__What is needed__.
Could you print exactly the lines from the one that contains "Glenmorangie 12 Year" to the end of the data, both ends included, and nothing else? Skip the pictures.

__Stored data__.

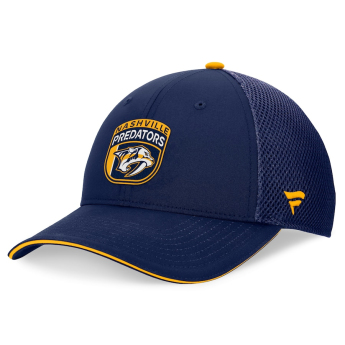 Nashville Predators čepice baseballová kšiltovka 2024 Draft NHL On Stage Trucker Adjustable Hat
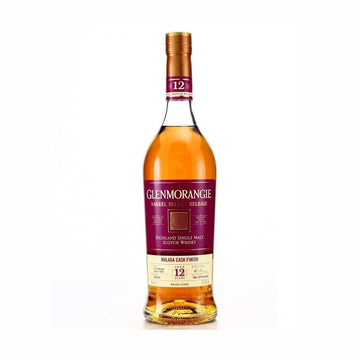 Glenmorangie 12 Year Old Malaga Cask Finish Highland Single Malt Scotch Whisky - ForWhiskeyLovers.com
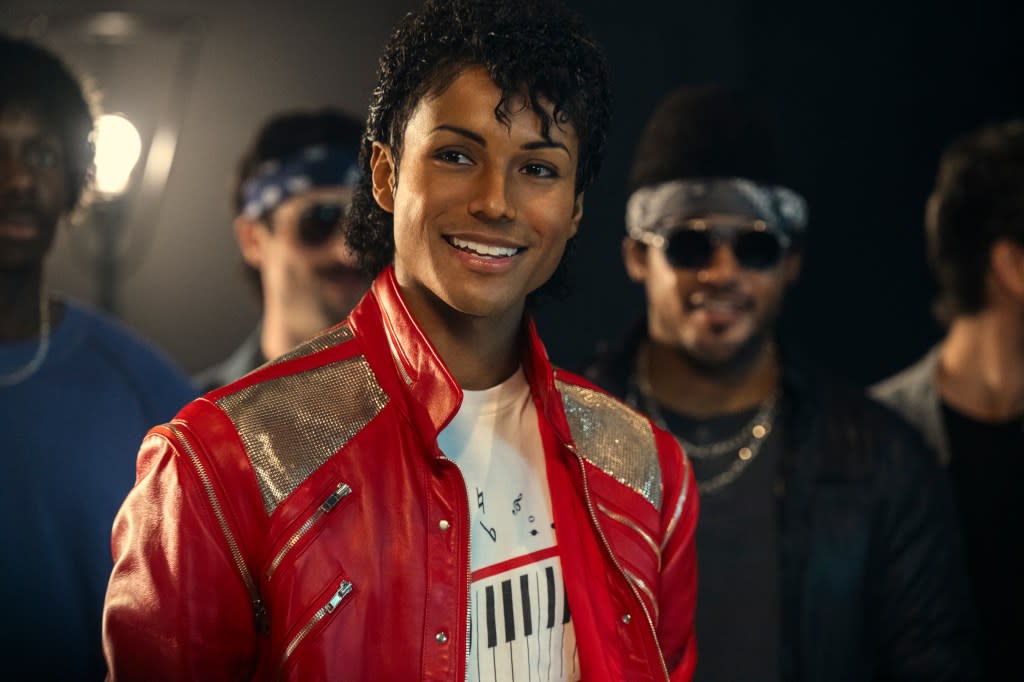 Jafaar Jackson will play his uncle Michael Jackson in the new biopic “Michael.” Glen Wilson/Lionsgate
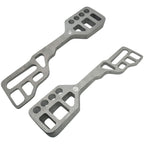 5 Degree Positive Tuck Transom Wedge for All Brands Port and Starboard 1 Set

__Exercise output__.
 Glenmorangie 12 Year Old Malaga Cask Finish Highland Single Malt Scotch Whisky - ForWhiskeyLovers.com
 Jafaar Jackson will play his uncle Michael Jackson in the new biopic “Michael.” Glen Wilson/Lionsgate
 5 Degree Positive Tuck Transom Wedge for All Brands Port and Starboard 1 Set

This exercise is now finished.